RECORDS SUPPLIED:

++++

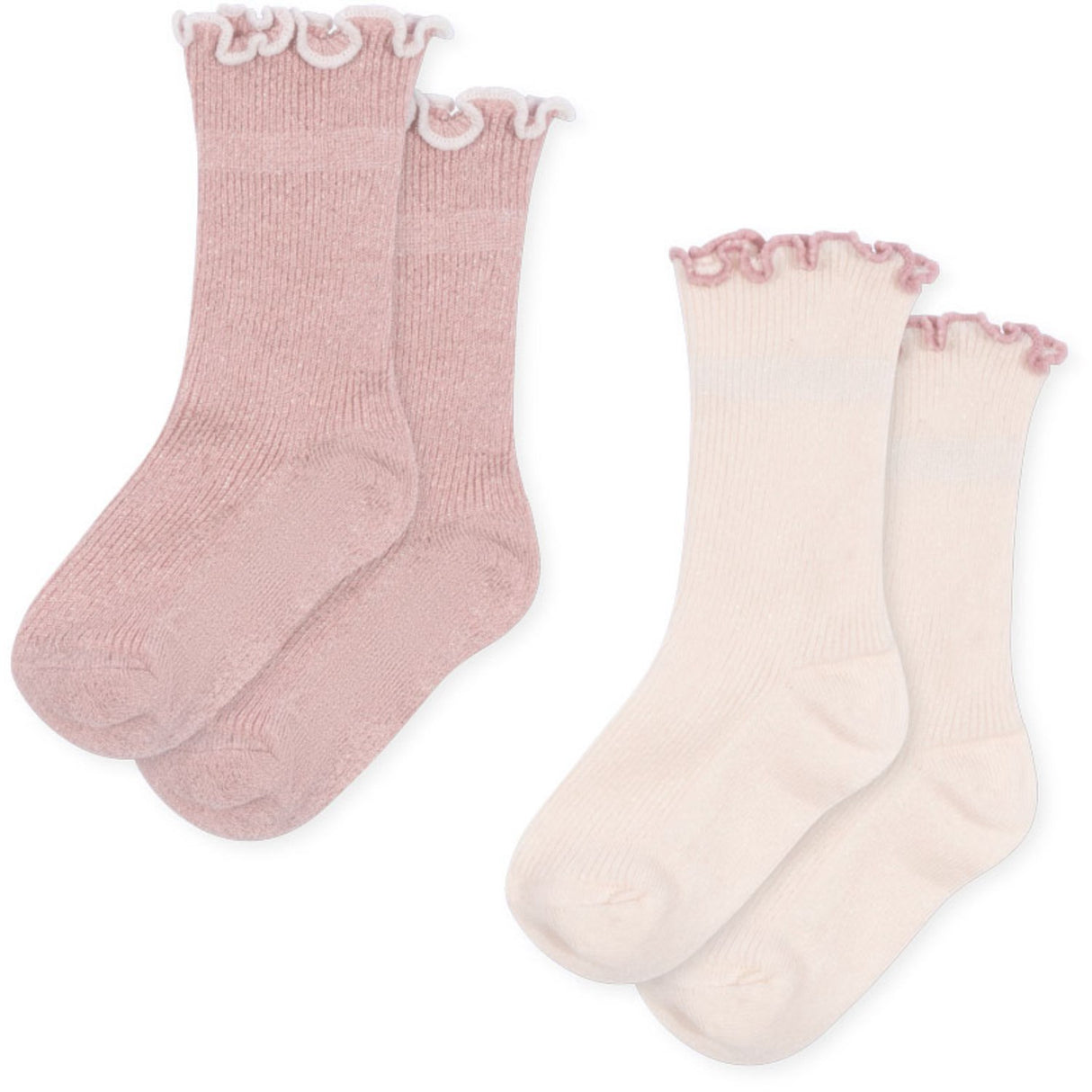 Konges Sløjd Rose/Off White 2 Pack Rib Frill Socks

++++

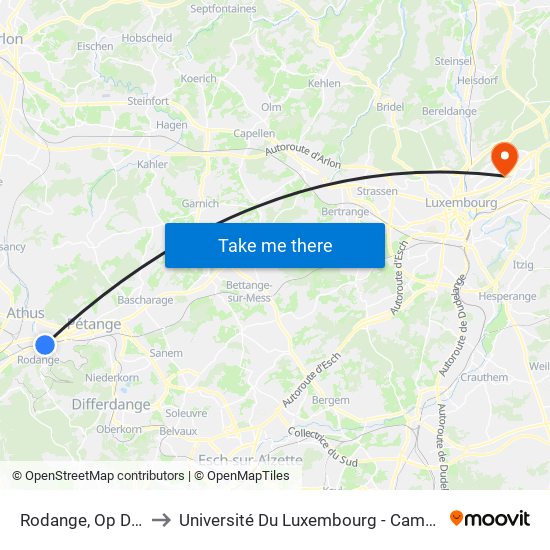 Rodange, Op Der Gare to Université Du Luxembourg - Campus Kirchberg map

++++

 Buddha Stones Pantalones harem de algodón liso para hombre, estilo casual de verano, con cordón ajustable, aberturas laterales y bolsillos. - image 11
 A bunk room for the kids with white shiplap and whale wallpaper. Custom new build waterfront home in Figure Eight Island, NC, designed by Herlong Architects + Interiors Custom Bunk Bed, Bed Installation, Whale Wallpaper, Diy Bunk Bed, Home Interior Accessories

++++

YOUR GOAL: For the lines above, output exactly those from the line containing "Buddha Stones Pantalones" through the line containing "A bunk room", and skip the others.

SOLUTION BELOW:
 Buddha Stones Pantalones harem de algodón liso para hombre, estilo casual de verano, con cordón ajustable, aberturas laterales y bolsillos. - image 11
 A bunk room for the kids with white shiplap and whale wallpaper. Custom new build waterfront home in Figure Eight Island, NC, designed by Herlong Architects + Interiors Custom Bunk Bed, Bed Installation, Whale Wallpaper, Diy Bunk Bed, Home Interior Accessories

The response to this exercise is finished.